In the second time in about a month, a court has ruled that social workers can be held responsible for failing to protect children under their watch from abuse.
The Colorado Court of Appeals last week ruled that Adams County social workers aren’t protected by the state’s governmental immunity law because they acted “recklessly” in a case involving three siblings who had a history of incest, according to The Denver Post.
The case involves a lawsuit filed by the siblings against Adams County who said social workers failed to protect them from abuse in the home of their biological mother and later in foster care, and that workers deceived their adoptive parents about the extent of their problems.
A couple that adopted the children when they were 9, 6, and 3 in 2002 lost a lawsuit that claimed their marriage failed under the stress caused by the children’s emotional problems.
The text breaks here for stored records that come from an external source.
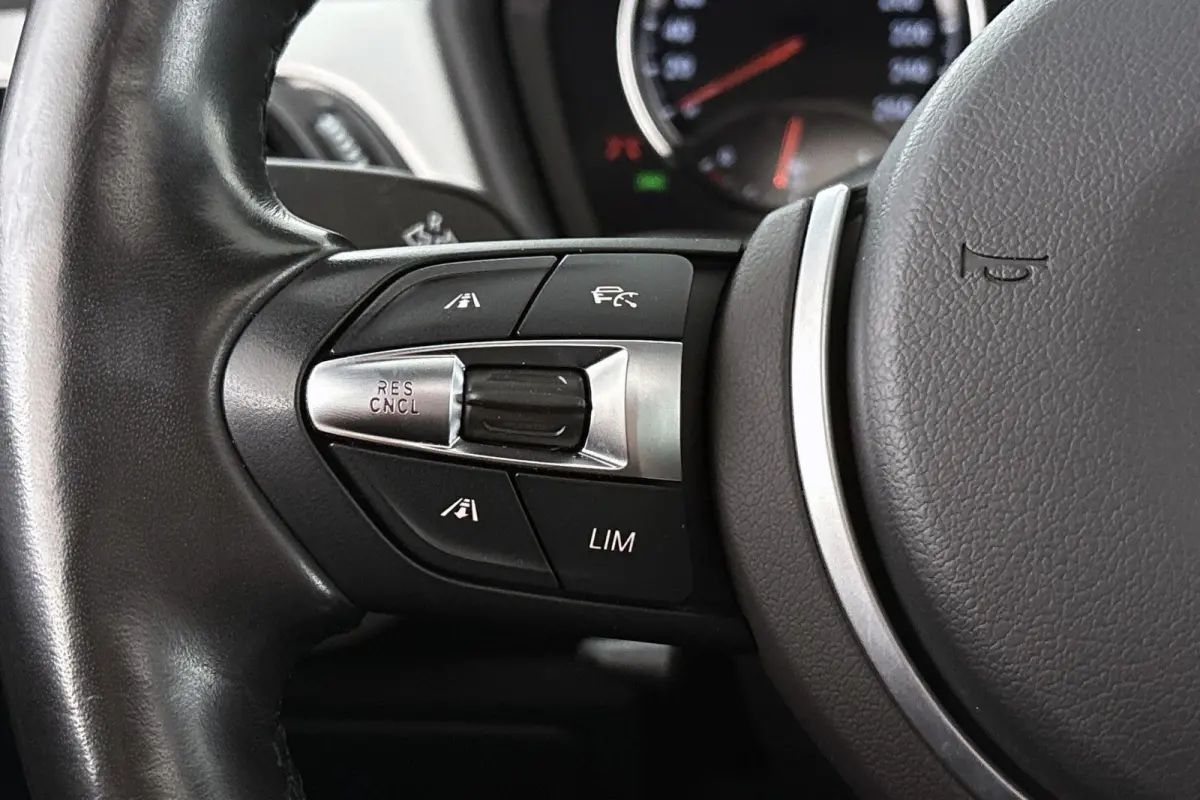 xDrive25e M Sport Panoramadak Head-Up HiFi Keyless Memory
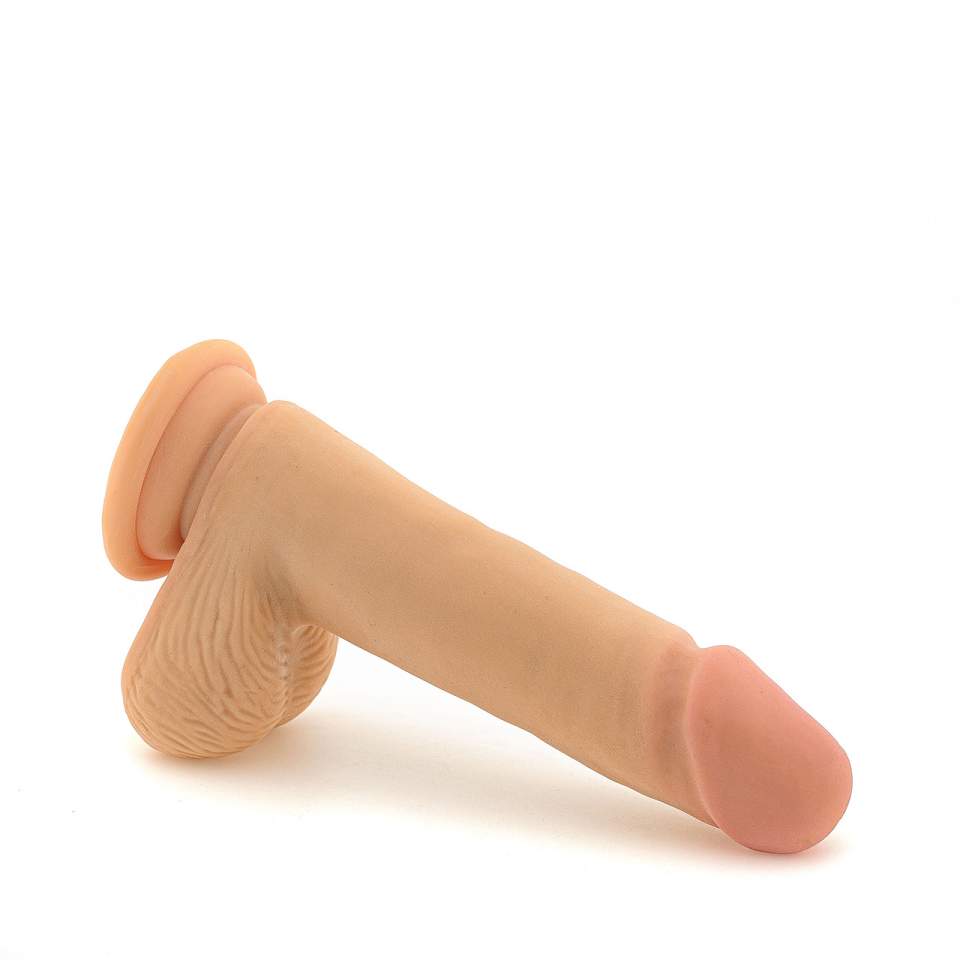 Realistyczne i giętkie dildo z jądrami na przyssawce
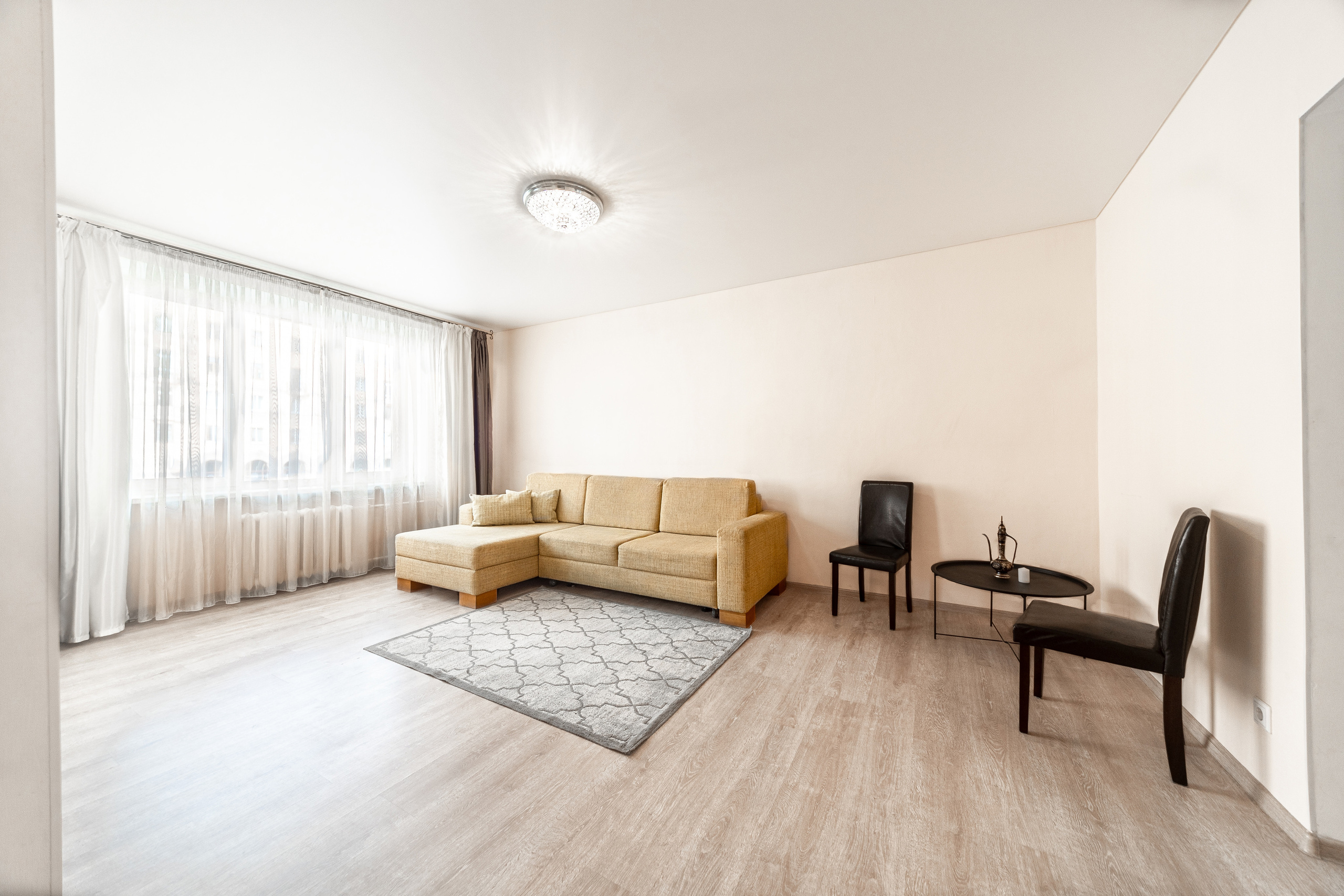 Пр. Независимости 74. Профессиональный интерьерный и репортажный фотограф Минск и РБ. Максим Орлов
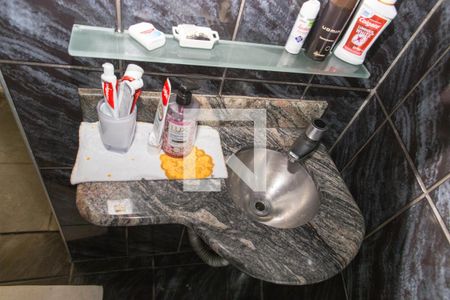 Casa à venda com 550m², 4 quartos e 5 vagasDetalhe do banheiro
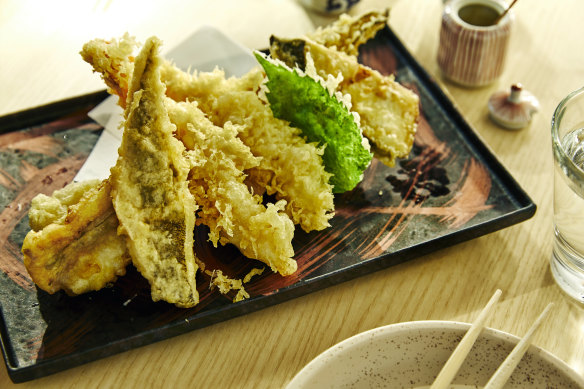 The assorted tempura enactment    astatine  Izakaya Tempura Kuon.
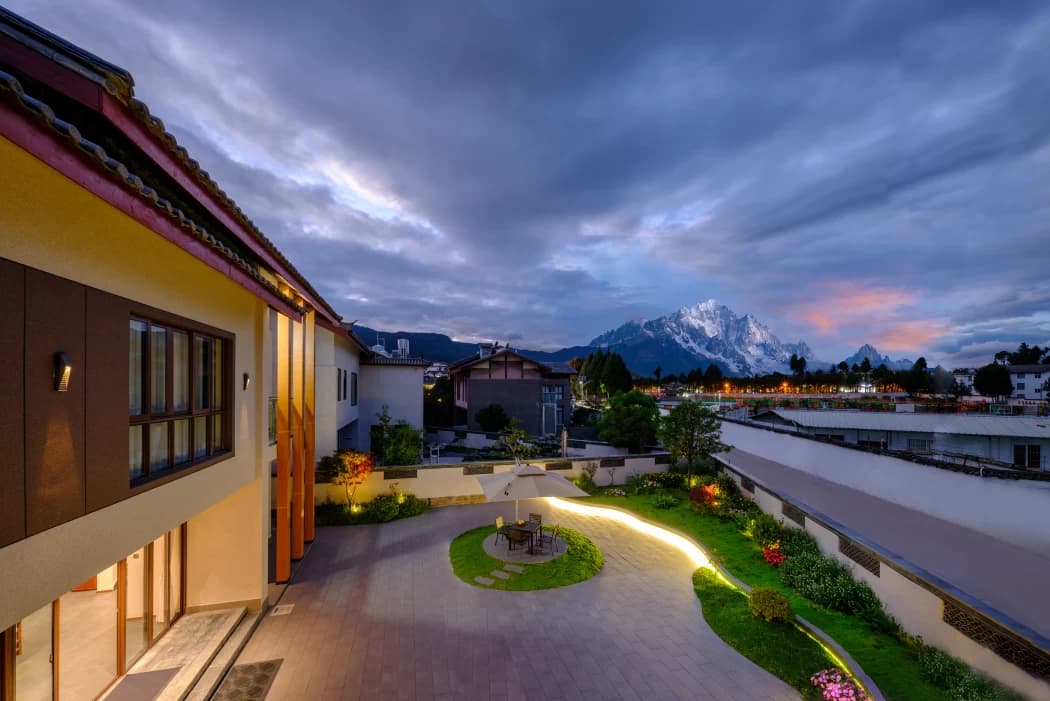 Shuhe Ancient Town 3-Bedroom Villa for Rent | Jinmao Pusu • Jokul Light and Shadow Aesthetics Mountain View Villa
In a written opinion, the appellate court found it “conscious shocking” that a social worker supported the adoption of the siblings as a group and failed to prepare the adoptive parents to deal with the emotional needs of the children, which the court said put the children at serious risk of harm.
Adams County Attorney Hal Warren declined to comment on the merits of the claims because the case is heading to trial. Warren is reviewing the court’s ruling to decide whether an appeal to the state Supreme Court is possible.
Jordan Factor, one of the siblings’ lawyers in the Adams County case, said he hopes the rulings will improve the quality of care for children.
“Each circumstance is a little different, and this adds to the mix of circumstances in which the courts consistently say that children in the custody of the state of Colorado have a right to be kept safe from harm,” he said. “It is a case that has an opportunity to do real justice.”
Last month, a federal judge ruled that social workers in Denver were not immune from a lawsuit in the case of 7-year-old Chandler Grafner, who was starved to death by his foster parents in May 2007. In that case, the judge noted the neglect of Chandler by social services was also conscious shocking and that a complaint of child abuse made by a teacher’s aide a month before his death was not thoroughly investigated by Denver Human Services.